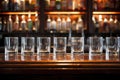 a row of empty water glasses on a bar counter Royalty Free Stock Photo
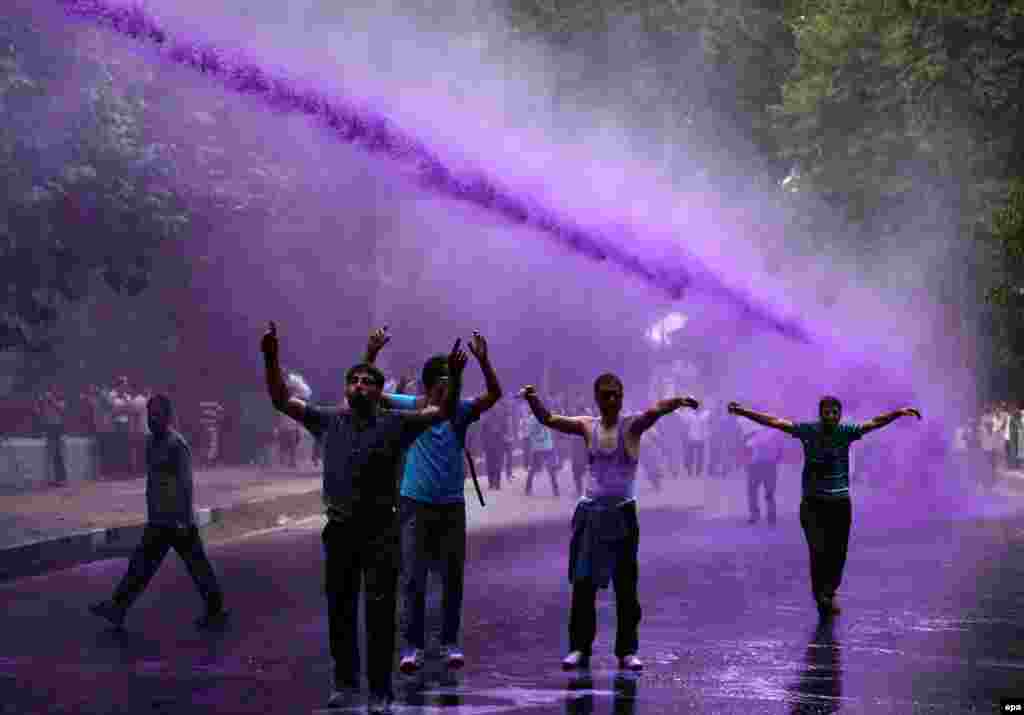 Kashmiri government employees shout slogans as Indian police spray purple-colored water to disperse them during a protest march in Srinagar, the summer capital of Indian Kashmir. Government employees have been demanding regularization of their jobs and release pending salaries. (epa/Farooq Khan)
++++++
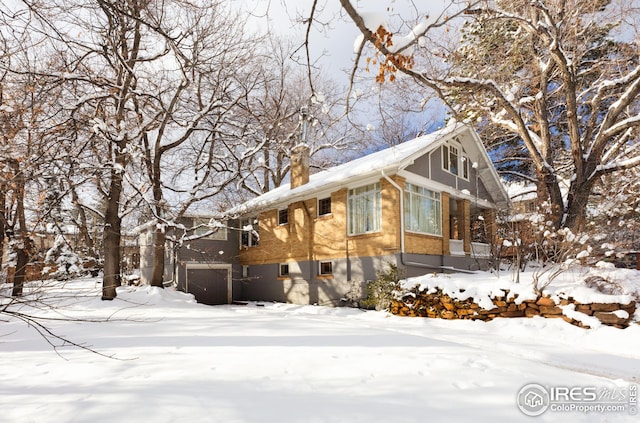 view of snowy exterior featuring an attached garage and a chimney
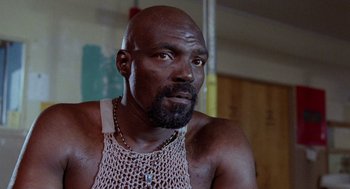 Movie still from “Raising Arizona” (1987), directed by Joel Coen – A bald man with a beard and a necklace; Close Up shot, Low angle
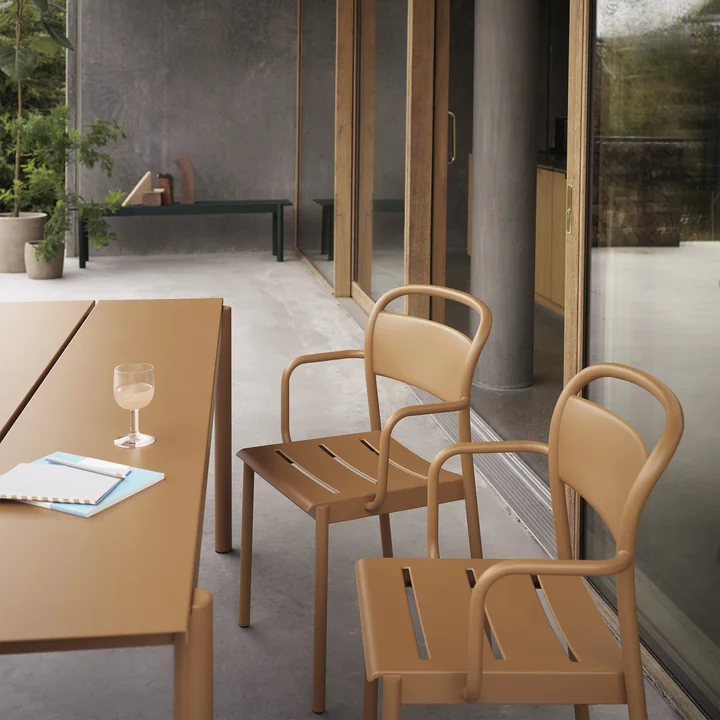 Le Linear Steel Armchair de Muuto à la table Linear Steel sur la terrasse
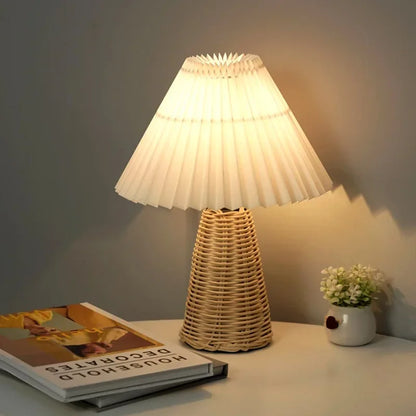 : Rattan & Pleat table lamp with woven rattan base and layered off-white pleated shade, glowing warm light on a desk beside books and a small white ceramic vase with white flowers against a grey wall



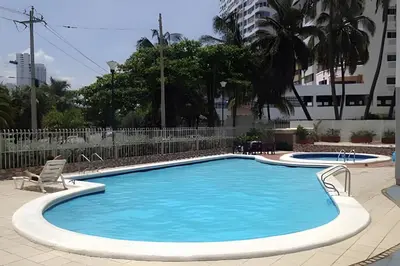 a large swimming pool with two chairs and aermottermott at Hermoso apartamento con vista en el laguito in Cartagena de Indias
++++++
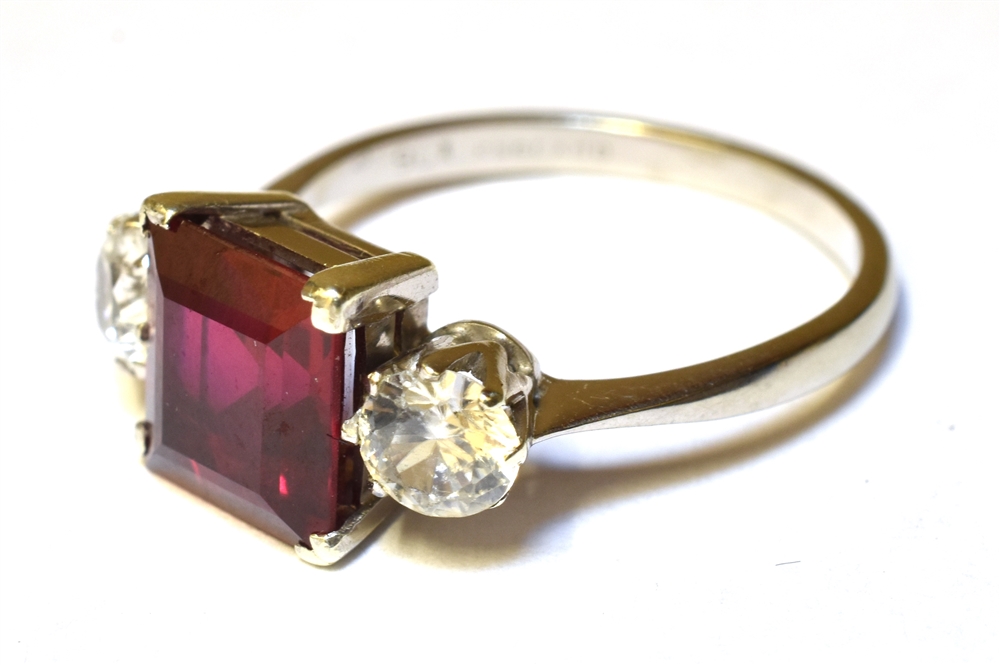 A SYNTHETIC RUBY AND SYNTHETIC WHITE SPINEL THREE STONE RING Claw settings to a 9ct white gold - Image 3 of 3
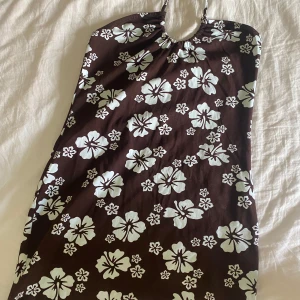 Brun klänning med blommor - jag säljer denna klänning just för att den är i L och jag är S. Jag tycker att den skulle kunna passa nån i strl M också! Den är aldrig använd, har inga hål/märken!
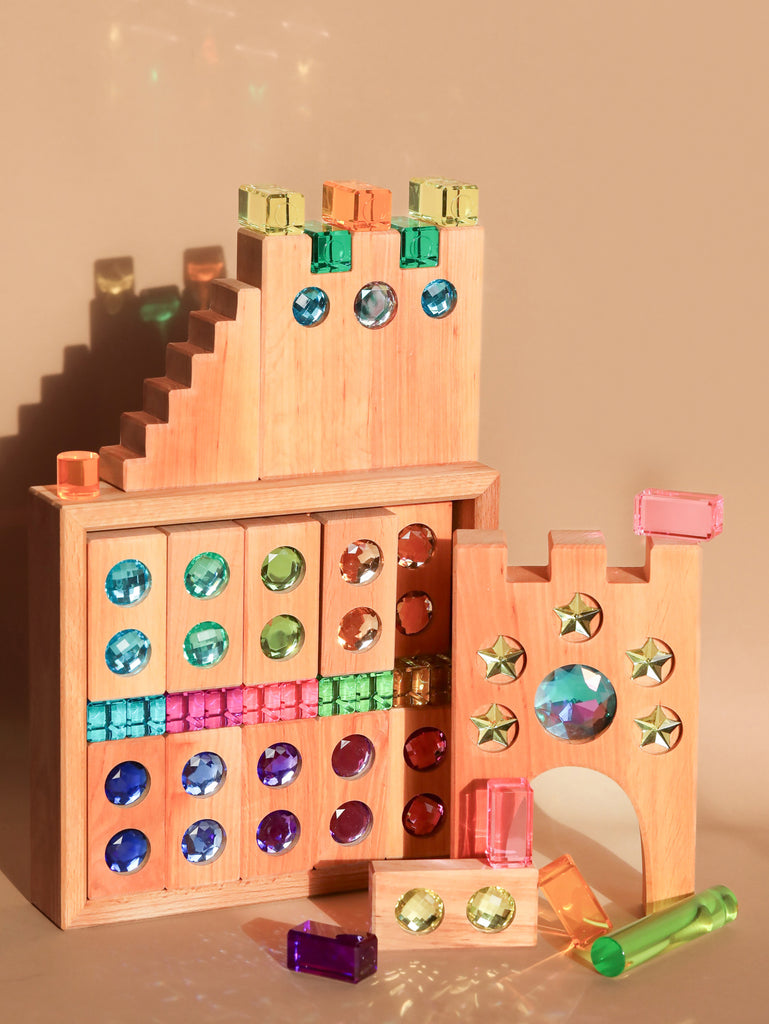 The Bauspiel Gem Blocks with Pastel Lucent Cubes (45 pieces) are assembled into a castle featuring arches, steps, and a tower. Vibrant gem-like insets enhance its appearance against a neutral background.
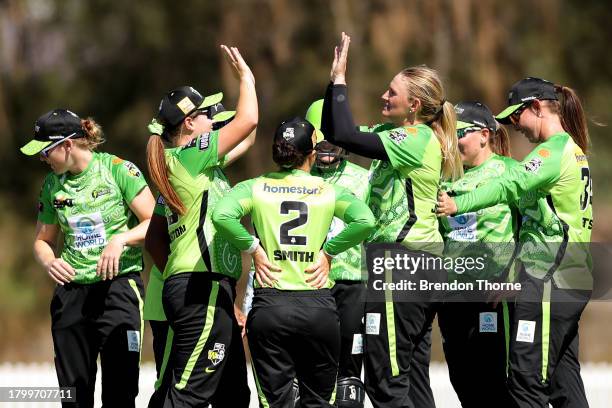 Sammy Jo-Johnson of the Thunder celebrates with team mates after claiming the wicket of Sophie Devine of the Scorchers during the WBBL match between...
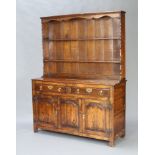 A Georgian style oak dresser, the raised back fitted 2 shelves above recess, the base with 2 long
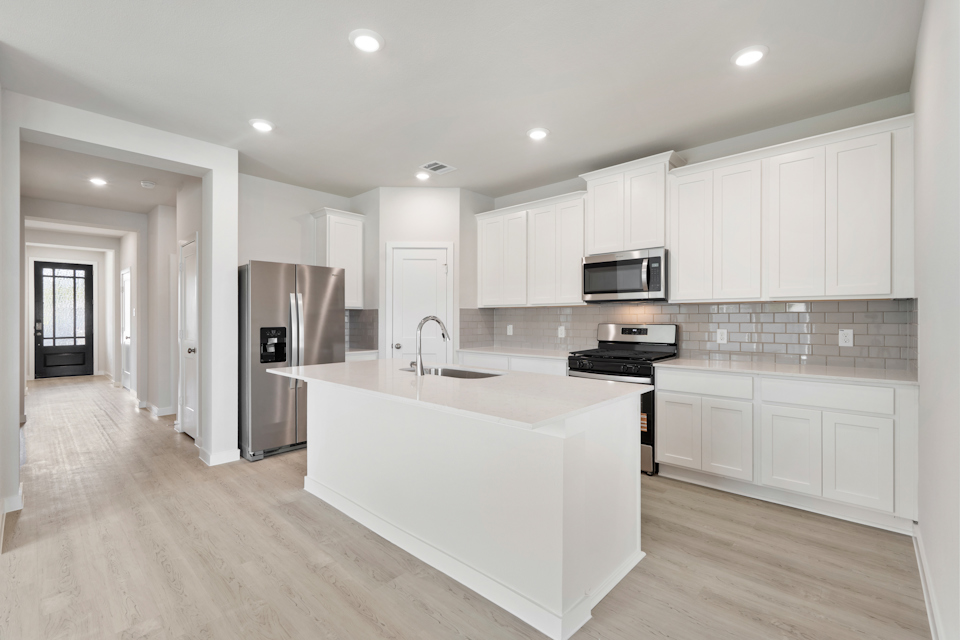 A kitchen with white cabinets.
++++++
| Required action |
Give back, exactly and without pictures, the stretch of the records above from the line containing "a row of empty" through the line containing "Kashmiri government employees", with both end lines included.

| Your response |
 a row of empty water glasses on a bar counter Royalty Free Stock Photo
 Kashmiri government employees shout slogans as Indian police spray purple-colored water to disperse them during a protest march in Srinagar, the summer capital of Indian Kashmir. Government employees have been demanding regularization of their jobs and release pending salaries. (epa/Farooq Khan)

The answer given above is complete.